• Industry watchdog still inspecting ins and outs of Oi divestment.
  • Closure now expected in early-2022.
  • Consortium partners still confident of being granted go-ahead.

CADE makes Vivo wait for share of Oi’s mobile assets

CADE makes Vivo wait for share of Oi’s mobile assets

Source: Kevin Grieve / Unsplash

The consortium featuring América Móvil’s Claro Brasil, Telefónica|Vivo, and TIM Brasil is facing a longer wait to secure mobile assets from recovering bankrupt operator Oi, with a delay beyond the October 2021–December 2021 completion target now expected.

Continued regulatory scrutiny of the proposed sale has all but derailed the original timetable laid out when the deal, worth BRL 16.5bn (£2.2bn/€2.5bn), was confirmed in late-January, Rodrigo Abreu, Oi Chief Executive (CEO), indicated last week (Telefónicawatch, #145 and #147).

While Abreu maintained that the clearance of the deal remains on course, the operator is now indicating that the sale of the mobile assets may not now close until early in the first quarter of 2022, as opposed to earlier expectations that the deal would be completed by the end of Q4 FY21. Speaking on the operator’s Q1 FY21 earnings call, Abreu told analysts that the Conselho Administrativo de Defesa Econômica (Administrative Council for Economic Defence/CADE), the country’s competition authority, is likely to clear the Oi plan to create a new InfraCo ahead of any decision on the disposal of its mobile assets. The closure of the mobile deal is therefore expected “towards the first quarter of 2022”, but this should not disrupt the Group’s plans to complete its reorganisation, and exit the judicial recovery plan it entered into when on the verge of insolvency, by May 2022.

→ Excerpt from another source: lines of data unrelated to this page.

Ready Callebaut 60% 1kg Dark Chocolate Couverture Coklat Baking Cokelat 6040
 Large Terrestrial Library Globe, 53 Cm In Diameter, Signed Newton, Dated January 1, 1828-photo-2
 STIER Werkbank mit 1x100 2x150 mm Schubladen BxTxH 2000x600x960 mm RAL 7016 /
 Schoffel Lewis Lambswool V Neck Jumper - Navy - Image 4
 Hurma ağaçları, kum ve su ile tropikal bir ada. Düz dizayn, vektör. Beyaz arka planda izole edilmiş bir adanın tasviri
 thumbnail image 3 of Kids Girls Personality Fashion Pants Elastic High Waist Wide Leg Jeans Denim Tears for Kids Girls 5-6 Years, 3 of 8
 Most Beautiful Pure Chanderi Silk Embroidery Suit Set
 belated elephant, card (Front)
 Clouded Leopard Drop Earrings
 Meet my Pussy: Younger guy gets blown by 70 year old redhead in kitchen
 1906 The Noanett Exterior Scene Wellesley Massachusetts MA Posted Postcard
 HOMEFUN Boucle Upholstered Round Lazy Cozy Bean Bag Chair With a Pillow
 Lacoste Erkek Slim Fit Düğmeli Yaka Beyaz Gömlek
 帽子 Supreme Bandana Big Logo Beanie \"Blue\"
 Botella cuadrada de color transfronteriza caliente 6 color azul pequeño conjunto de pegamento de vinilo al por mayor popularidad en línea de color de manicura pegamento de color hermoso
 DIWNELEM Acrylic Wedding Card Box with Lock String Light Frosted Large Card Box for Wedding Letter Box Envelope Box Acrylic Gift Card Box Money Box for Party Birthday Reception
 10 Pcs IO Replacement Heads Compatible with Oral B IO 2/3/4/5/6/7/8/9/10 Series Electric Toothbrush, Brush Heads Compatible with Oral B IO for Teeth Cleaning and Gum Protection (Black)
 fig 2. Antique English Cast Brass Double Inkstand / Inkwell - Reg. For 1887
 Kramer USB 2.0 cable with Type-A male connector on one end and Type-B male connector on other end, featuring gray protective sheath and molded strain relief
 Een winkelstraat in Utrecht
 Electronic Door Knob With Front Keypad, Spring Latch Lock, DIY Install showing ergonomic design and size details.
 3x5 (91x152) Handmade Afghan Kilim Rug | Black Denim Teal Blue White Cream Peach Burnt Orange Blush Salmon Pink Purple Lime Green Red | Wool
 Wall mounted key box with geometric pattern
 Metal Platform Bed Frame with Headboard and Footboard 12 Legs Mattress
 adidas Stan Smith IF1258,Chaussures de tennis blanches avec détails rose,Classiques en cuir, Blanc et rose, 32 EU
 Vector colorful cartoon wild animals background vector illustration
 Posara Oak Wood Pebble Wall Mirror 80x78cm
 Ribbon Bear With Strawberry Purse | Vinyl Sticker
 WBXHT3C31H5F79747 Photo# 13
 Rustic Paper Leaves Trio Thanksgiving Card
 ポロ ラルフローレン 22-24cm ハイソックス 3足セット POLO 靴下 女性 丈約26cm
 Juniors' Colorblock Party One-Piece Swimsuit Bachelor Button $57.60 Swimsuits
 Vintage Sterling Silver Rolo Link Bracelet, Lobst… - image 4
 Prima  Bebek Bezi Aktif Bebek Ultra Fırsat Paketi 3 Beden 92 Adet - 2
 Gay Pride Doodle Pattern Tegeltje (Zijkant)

Oi is also offloading infrastructure assets as part of the restructuring process, and seeking to transition into a fibre infrastructure provider for consumer, corporate, public sector customers, and other service providers (Telefónicawatch, #145 and #146).

We expect that 2022 to be a year where both [the infrastructure] and mobile assets will have been closed and will be in a full transition process in terms of securing that the operation is [in] a transition seamlessly to the new owners. ”

Abreu (via Seeking Alpha).

Oi’s CEO refrained from detailing reasons behind the delay, although local objections are likely a key contributing factor.

BNamericas reported that regional players such as Algar Telecom continue to resist a deal that will bolster Vivo’s position as Brazil’s leading mobile network operator, and in late‑April 2021, CADE is reported to have accepted a request from Algar and local service provider association TelComp to be recognised as interested third parties in the review process for the Oi mobile sale.

Prior to the final agreement being reached on the sale, there were reports that four of the seven advisors to the body held strong objections to consolidation in the market (Telefónicawatch, #146). In an effort to alleviate these competition concerns, the consortium has agreed to distribute Oi’s assets on a regional basis (Telefónicawatch, #150). These assets comprise Oi’s spectrum licences, customer base, and real estate rights. TIM secured the largest portion of available assets (Telefónicawatch, #146).

More recently, Telefónica has expressed confidence that CADE clearance for the sale and break‑up of Oi’s mobile assets would be secured. In comments accompanying its Q1 FY21 results, the Group said the deal “remains on track” and that it expects regulatory clearance to be secured by the end of the year.

Mario Girasole, Senior Executive Vice‑President for Regulatory, Institutional & Press Relations at TIM, also recently said he was confident of a favourable decision from CADE given the sale Oi’s mobile assets is effectively a “solution to a problem”. Telecoms regulator Anatel has already signalled intent to give the deal its seal of approval (Telefónicawatch, #150).

Oi is the smallest of the four main players in Brazil’s mobile sector, with a subscriber market share of 16%, according to the most recent data released by consultancy Statista. Vivo is the largest provider with 34%. Claro follows in second (27%) and TIM, Telecom Italia’s Brazil subsidiary, is third (23%).